● **AIM OF THE EXERCISE**:
From the line containing "Tennis Bracelet" through the last line of the entries, output the text exactly. Pictures stay out.

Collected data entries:
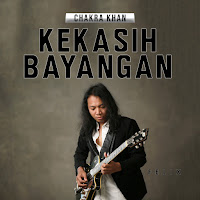 Felix Irwan - Kekasih Bayangan загрузить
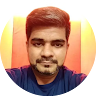Eijaz Pardhan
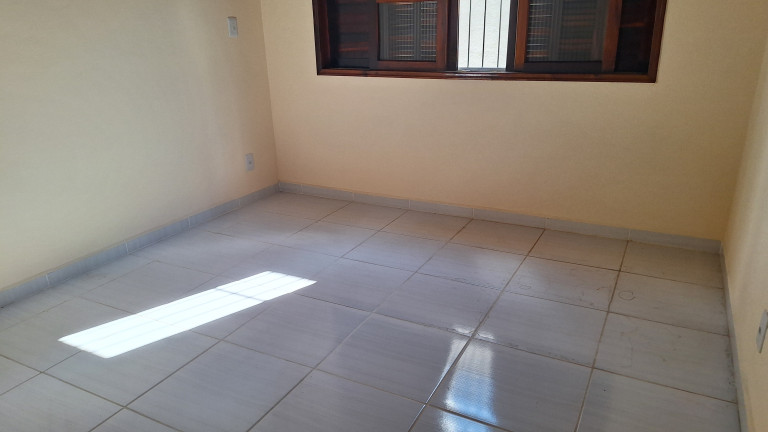 Imagem Imóvel com 3 Quartos à Venda, 169 m² em Centro - Atibaia Imagem Imóvel com 3 Quartos à Venda, 169 m² em Centro - Atibaia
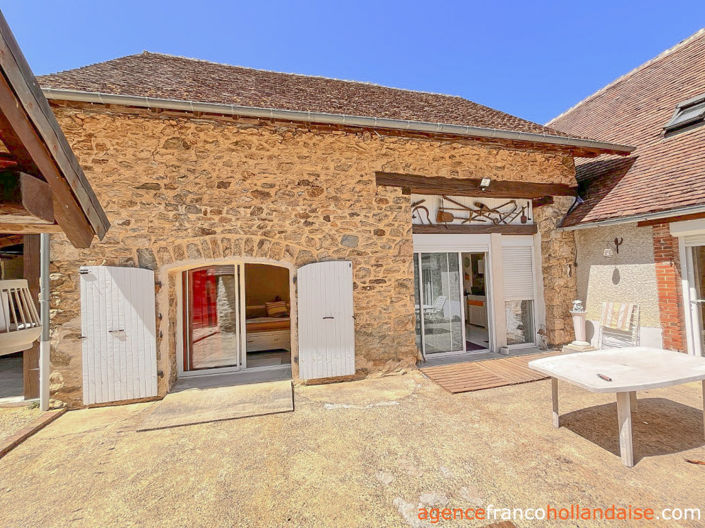 Image No.32-4 Bed House for sale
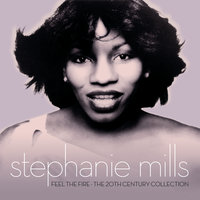 Wish That You Were Mine - Stephanie Mills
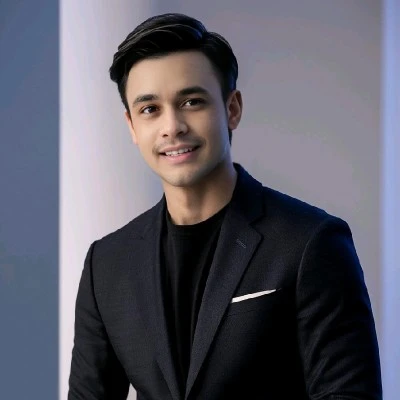 Dinesh Sahu - LinkedIn Creator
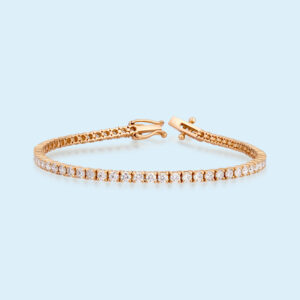 Tennis Bracelet
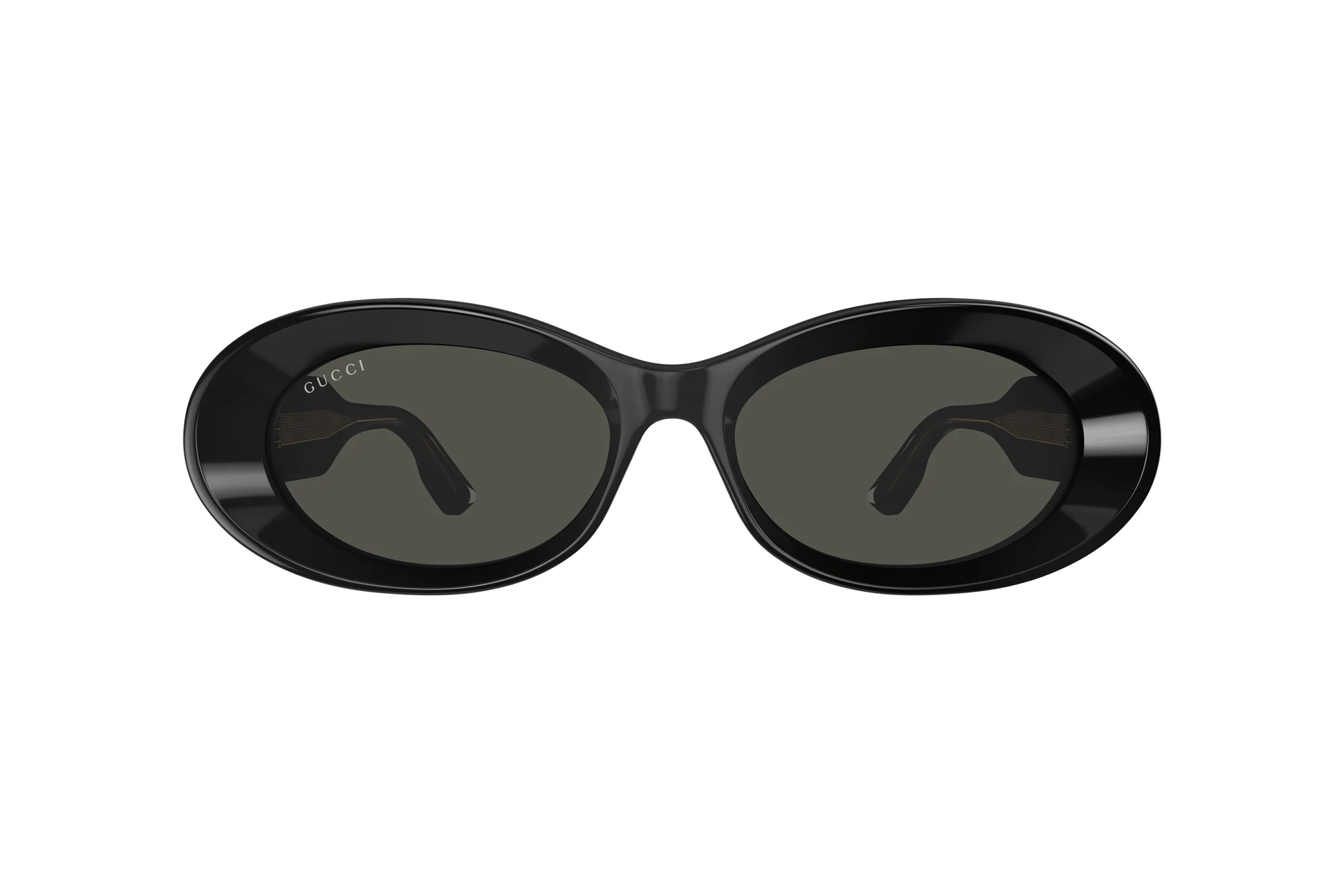 [glasses-front-view] Gucci GG1527S (001)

● **ANSWER SECTION**:
 Tennis Bracelet
 [glasses-front-view] Gucci GG1527S (001)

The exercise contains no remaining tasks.